*** Opening of Records supplied ***
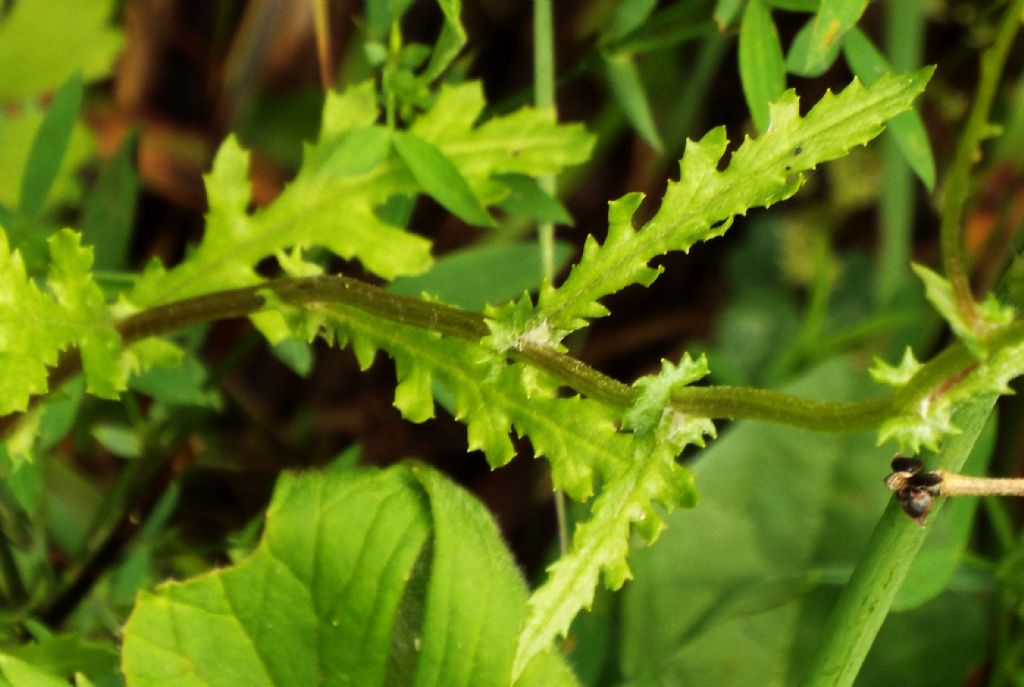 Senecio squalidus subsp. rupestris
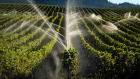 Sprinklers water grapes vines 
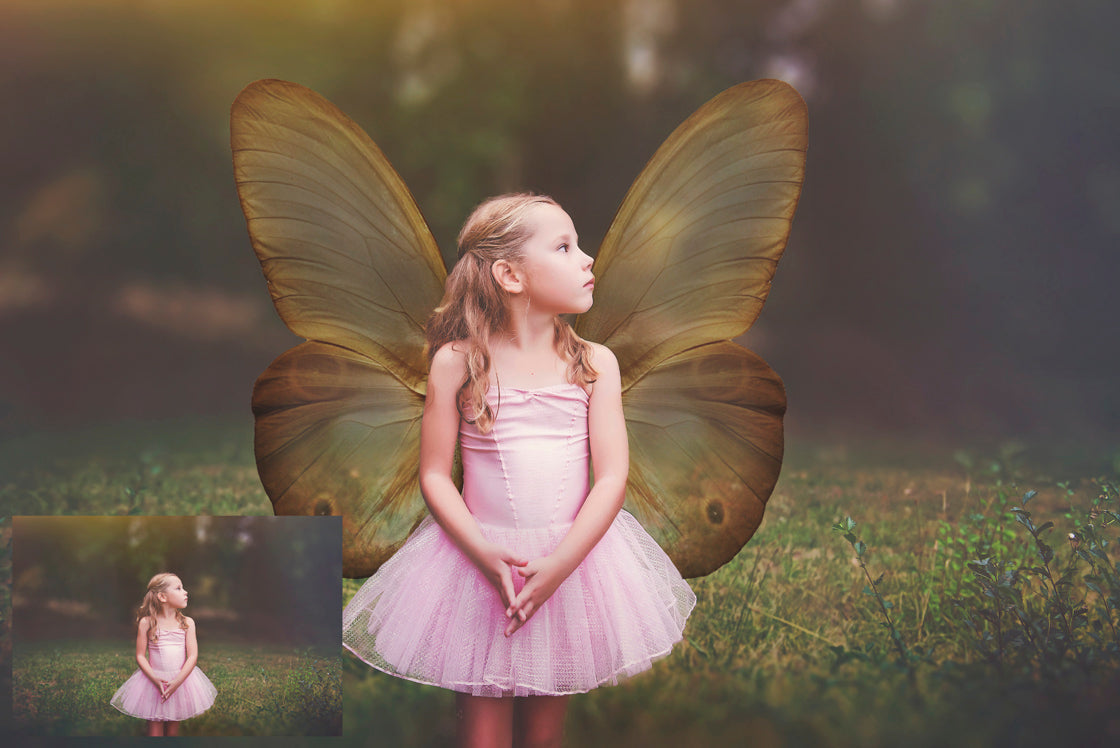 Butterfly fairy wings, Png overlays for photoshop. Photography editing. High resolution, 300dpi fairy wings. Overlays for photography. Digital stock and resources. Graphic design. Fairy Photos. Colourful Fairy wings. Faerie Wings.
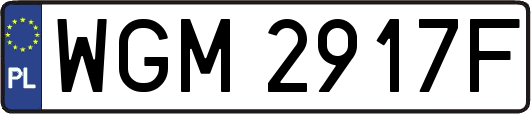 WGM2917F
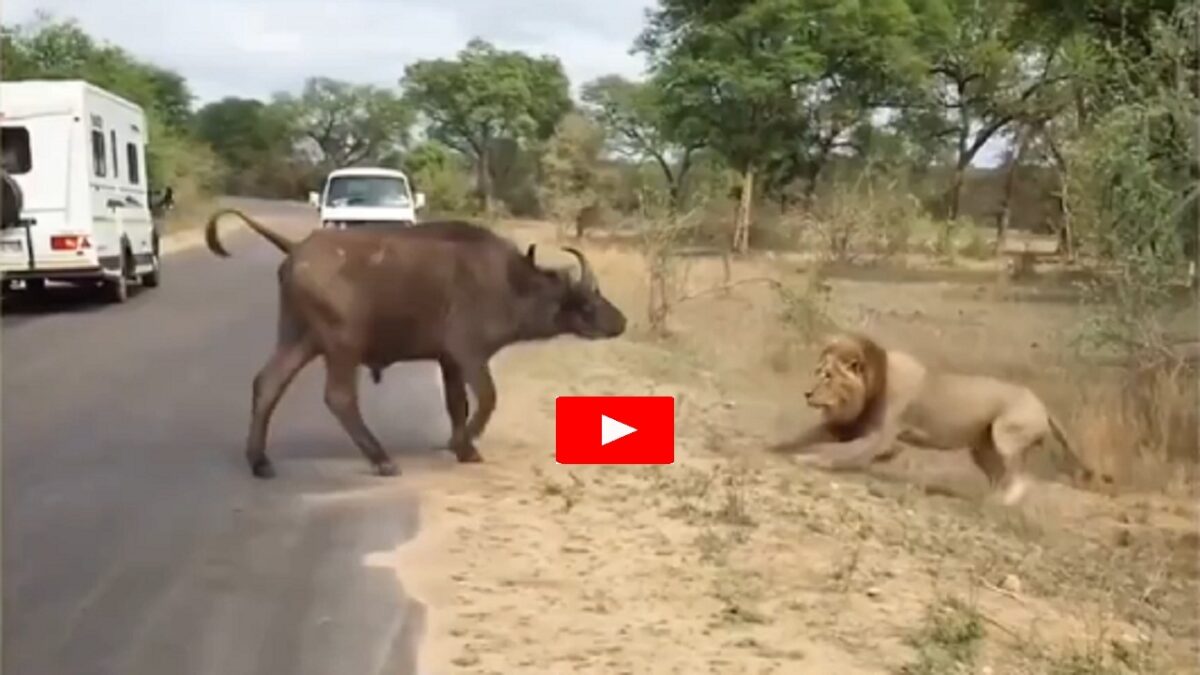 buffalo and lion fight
*** Close of Records supplied ***
*** Opening of Records supplied ***
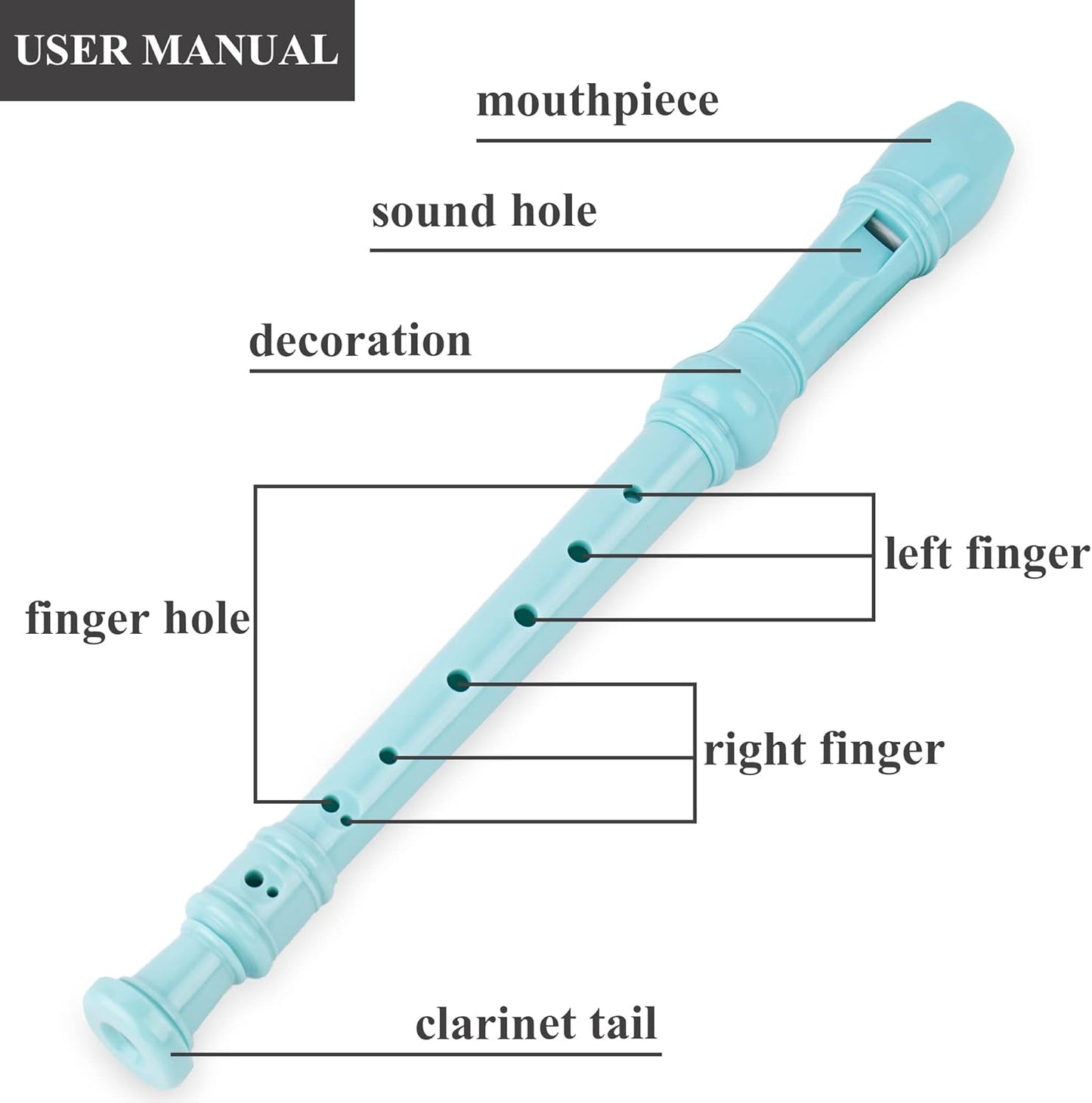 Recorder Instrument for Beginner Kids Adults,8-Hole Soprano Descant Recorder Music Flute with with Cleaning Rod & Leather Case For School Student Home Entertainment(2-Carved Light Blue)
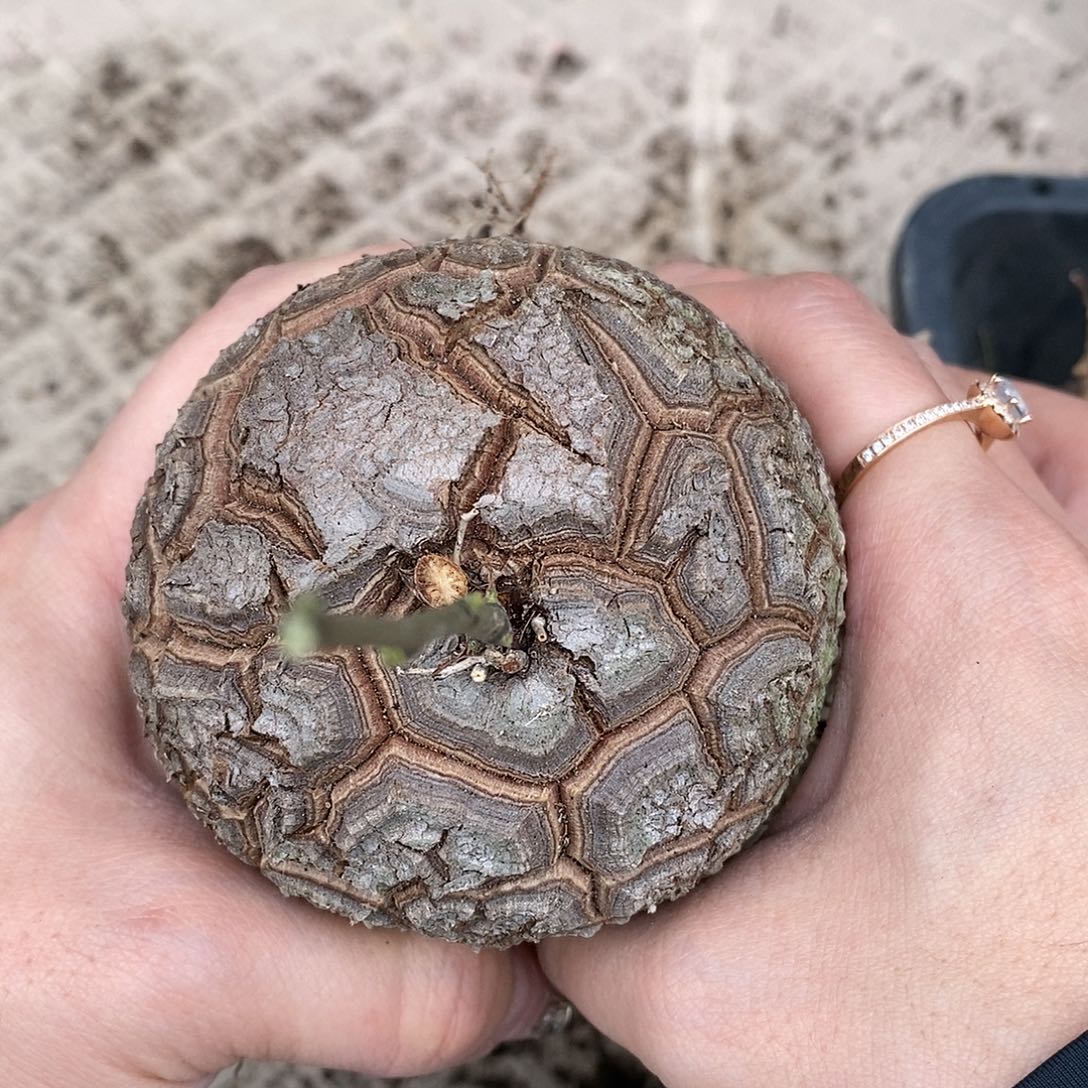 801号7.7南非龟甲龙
*** Close of Records supplied ***
Would you copy the lines above exactly, starting with the one that has "Recorder Instrument for" and ending with the one that has "801号7.7南非龟甲龙", both included, without the pictures?

 Recorder Instrument for Beginner Kids Adults,8-Hole Soprano Descant Recorder Music Flute with with Cleaning Rod & Leather Case For School Student Home Entertainment(2-Carved Light Blue)
 801号7.7南非龟甲龙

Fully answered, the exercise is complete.